Top Legacy Modernization Drivers

The Top 9 Legacy Modernization Drivers for Enterprise Organizations

Part 2 of a 6 Part Series

Legacy systems create roadblocks that impede digital business transformation, obstructing an organization’s agility in responding to market demands, innovating solutions, and strengthening their competitive edge.

One thing is clear: technology is evolving rapidly right before our very eyes. Every aspect of our lives and the society we live in is touched by these changes. There’s no sign of a slowdown in sight. The microcosm of software development is experiencing the same thing. Organizations require speedier development philosophies to get their services and products to market faster than ever to remain competitive and relevant in the marketplace.

Business agility is the new source of business value.

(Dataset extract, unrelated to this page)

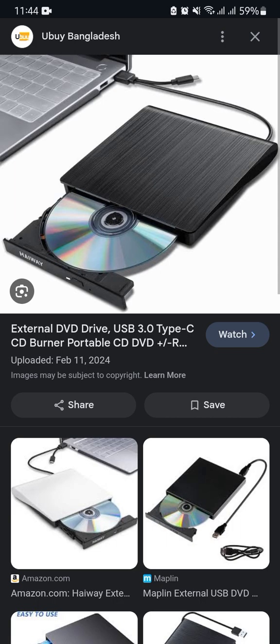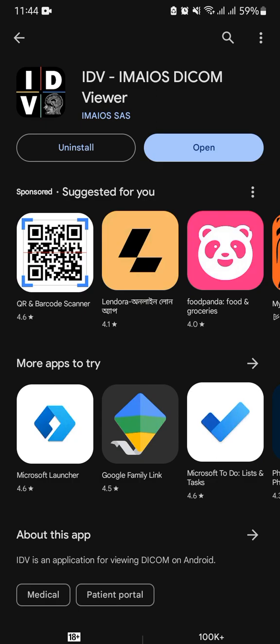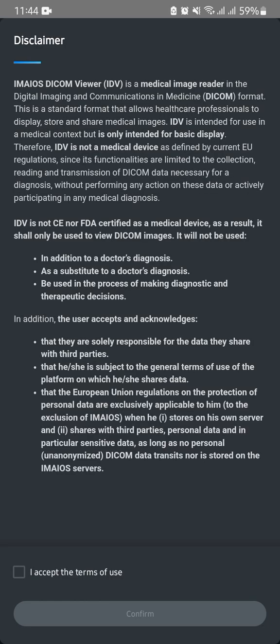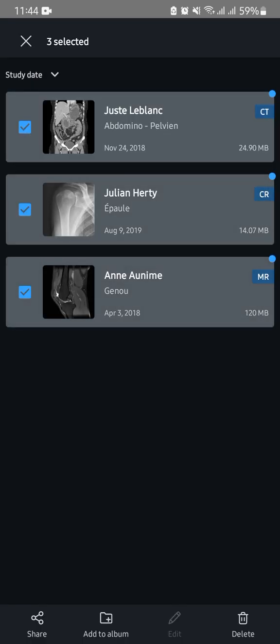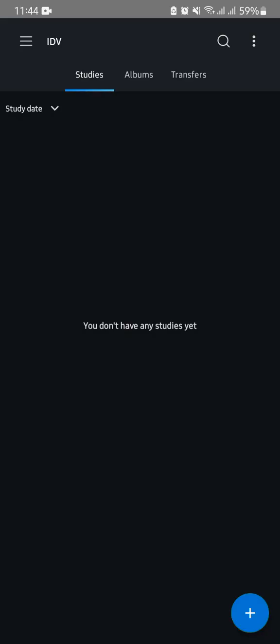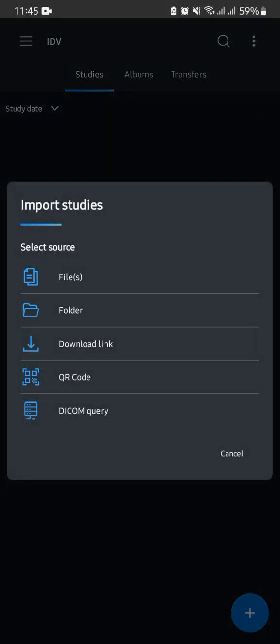I hope you have understood. Now my DICOM software is ready. There are many software options to view DICOM files, but I have chosen this DICOM file app for my comfort. There are three demo files. You must click the plus icon and give all the permissions to the software, then choose the file and select the destination.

We’ve known this day was coming for a long time. As developers faced the turn of the century, they started to question and criticize the popular processes and assumptions at the foundation of their field. Concepts like Waterfall development methods, having highly detailed requirements before starting development, and designing comprehensive architectures came under fire. In the mid-1990s, a small group of thought-leaders worked on approaches to development designed for speed and change. The term “agile software development” emanated from this group in 2001, launching the software development microcosm into a new era. Since then, the agile philosophy has become the best practices standard for software development.

As mainframe developers experienced with procedural languages retire at increasing rates, and the cost of maintaining the mainframe rises steadily, organizations are justifiably nervous about the future. These organizations need a strategy that embraces agile development and the cloud, yet balances with mainframe environments until a full modernization of their systems can be completed.

Some organizations are looking to a bimodal IT strategy to solve their problems. Under a bimodal strategy, the organization essentially runs two IT organizations, one mired in the old ways and one pursuing the new. While executing a bimodal strategy can be done and may help an organization manage key systems while adopting new, more efficient development techniques, it is rather complex and costly. The strategy essentially leaves the organization with two IT camps competing for limited resources, yet needing to work closely together. This strategy is designed for the short term; it’s not a strategy you would want to rely on permanently. It’s critical to transform the legacy environment, instead of adapting your methodologies to it, to ensure your organization can meet the requirements of the business and competitive demands of the market moving forward.

Legacy modernization efforts are being driven by specific business outcomes even as business and IT departments both strive to extend the life of existing applications while bringing additional functionality and value to the organization.

Business operations, risk management, and business growth are key driving forces for modernization efforts rather than simply seeking cost reductions from getting off a mainframe. The focus on business outcomes enables IT and the organization to focus their time and investments where the business outcomes are greatest and yet prioritize their modernization initiatives using a portfolio strategy.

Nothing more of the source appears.